◆ INPUT DATA ◆
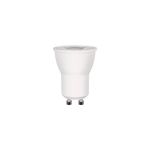 lampada-led-stella-mini-dicroica-mr11-eco-3w-gu10-bivolt-1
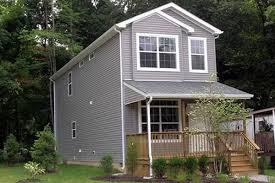 Double wide mobile home remodeling ideas. Welcome To Modulux Design Ltd An Okanagan Valley Manufacturer Of Park Models And Mobile And Modular Homes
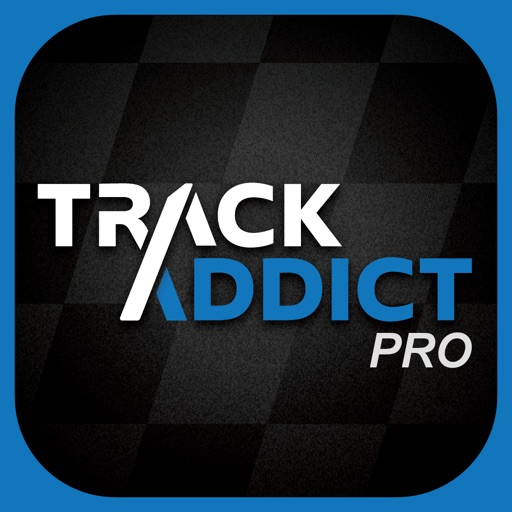 trackaddict pro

◆ TASK GOAL ◆
Please give the data again unaltered, leaving out any images.

◆ OUTPUT FOR THIS TASK ◆
 lampada-led-stella-mini-dicroica-mr11-eco-3w-gu10-bivolt-1
 Double wide mobile home remodeling ideas. Welcome To Modulux Design Ltd An Okanagan Valley Manufacturer Of Park Models And Mobile And Modular Homes
 trackaddict pro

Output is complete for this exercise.